The plan is one of the key features of new business plan for Digital Office of Scottish Local Government, published as it begins its Digital Office 2.0 programme.

This comes as the organisation has reached the end of its original three-year term and, with all 32 of Scotland’s local authorities providing their backing in principle, and has laid out its ambitions for the next two years.

It has established six work portfolios for digital initiatives, taking in health and care, learning and teaching, leadership and skills, digital foundations, digital place and digital council.

The latter includes encouraging local government to develop the use of RPA and AI, working with procurement organisation Scotland Excel on a common approach to purchasing and implementation, and developing a pipeline of common business challenges.

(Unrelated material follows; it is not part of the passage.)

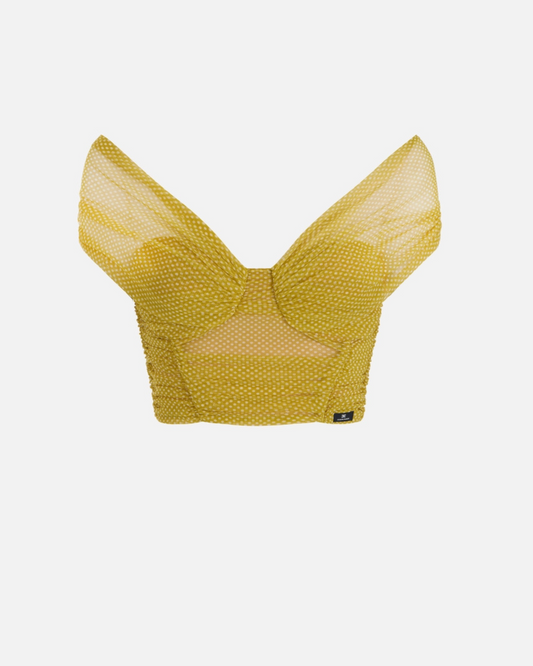 ELISABETTA FRANCHI - Top in tulle con stampa pois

One of the intended outcomes is to produce a framework agreement for councils to procure robotics solutions.

Rates, identity and collaboration

Other plans under the digital council workstream include identifying options for digital services for non-domestic rates collection, providing input into the Scottish Government’s Digital Identity programme, and developing standards for collaboration between councils.

Among the aims is to produce a toolkit with common service design and technical principles and standards, and a wider adoption of Microsoft Office 365 across the sector.

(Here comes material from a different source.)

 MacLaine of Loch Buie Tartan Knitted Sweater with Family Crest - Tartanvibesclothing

In the digital health and care sector there are plans to provide guidance on moving from analogue to digital telecare – with the aim of deploying at least 1,000 digital telecare boxes by 2021 – working with other organisations on a digital health and care platform, and developing a pipeline of innovation challenges.

There is also an emphasis on linking up council and health boards by June 2021 through the increased use of Office 365.

Work in the digital place stream includes the development of a Scotland-wide digital planning strategy, and on the better use of data, including guidance on publishing open data.

Design and cyber

Among the digital foundations outlines are plans for a Digital Design Board, to be developed with Socitm Scotland by the end this year, a cyber framework to be rolled out to all councils by October 2021, the creation of a library of reusable data analytics, and the publication of a paper on future operating models in IT and digital.

The Digital Office has outlined its focus as being to provide sector-wide digital leadership, develop transformation capabilities, deliver sector-wide programmes, build stronger relationships with other sectors, and develop standards for local government digital services.

It has developed a new operating model to manage the work programmes, which relies on a phased delivery model that sets clearer expectations of projects, should make it easier to plan resources, and provide clearer metrics to measure the progress and impact of programmes.

The business plan also says that the Digital Office will support the development of new communities for different elements of digital transformation. It has identified several including network engineering, hosting and cloud engineering, internet of things and cyber security.

In the next few weeks the organisation plans to distribute Heartbeat Marketing packs to recruit councils to new and existing projects.